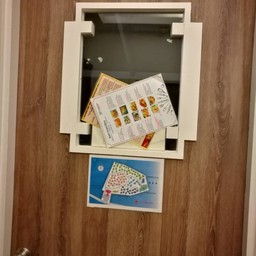 เรากลัว ระแวง ต้องหาอะไรมาปิด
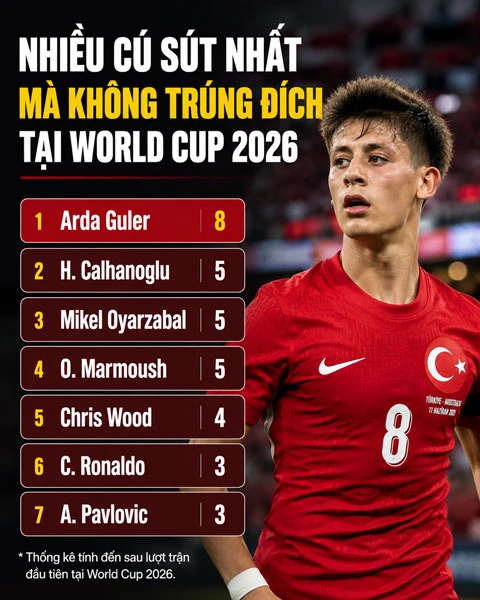 Arda Guler có thể bùng nổ trở lại sau màn ra quân kém duyên? Arda Guler có thể bùng nổ trở lại sau màn ra quân kém duyên?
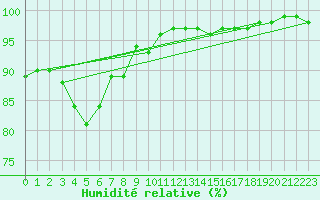 Courbe de l'humidit relative pour Besanon (25)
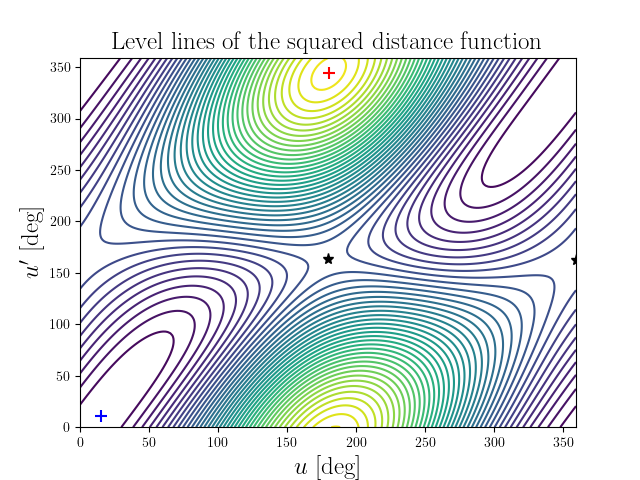 Level lines of the squared distance function
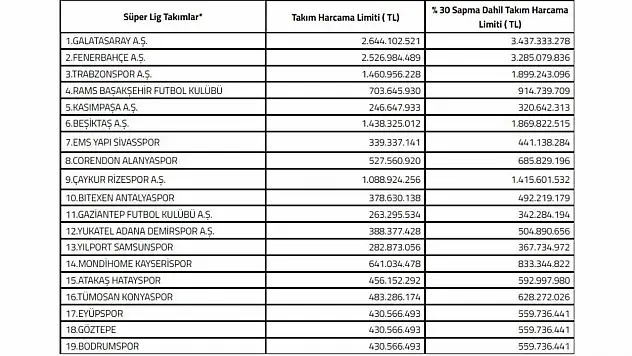Süper Lig Takım Harcama Limitleri Belirlendi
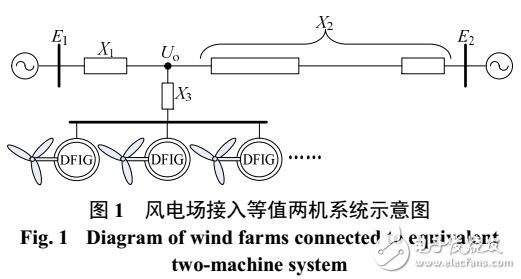 基于雙饋風(fēng)機(jī)接入對(duì)電力系統(tǒng)的影響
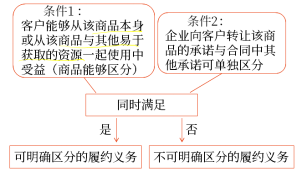 附有質(zhì)量保證條款的銷售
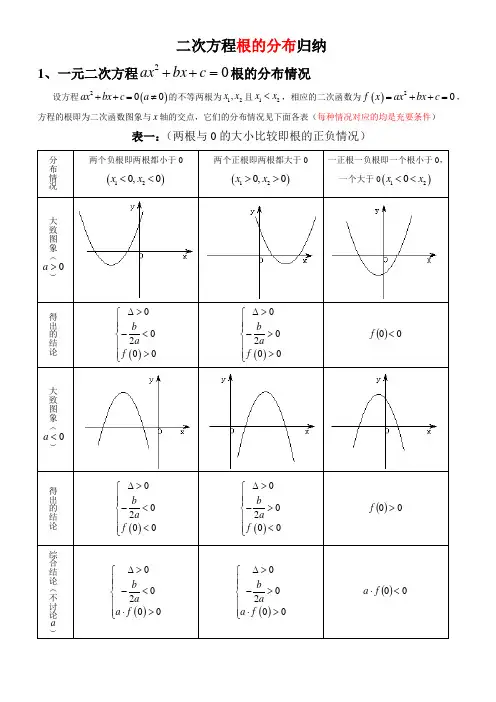 二次函数根的分布和最值(好)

> _Exercise requirements_:
This task calls for the lines from the line containing "Level lines of the squared distance function" through the end of the listing, set down exactly and only, with pictures omitted.

> _Output of the task_:
 Level lines of the squared distance function
Süper Lig Takım Harcama Limitleri Belirlendi
 基于雙饋風(fēng)機(jī)接入對(duì)電力系統(tǒng)的影響
 附有質(zhì)量保證條款的銷售
 二次函数根的分布和最值(好)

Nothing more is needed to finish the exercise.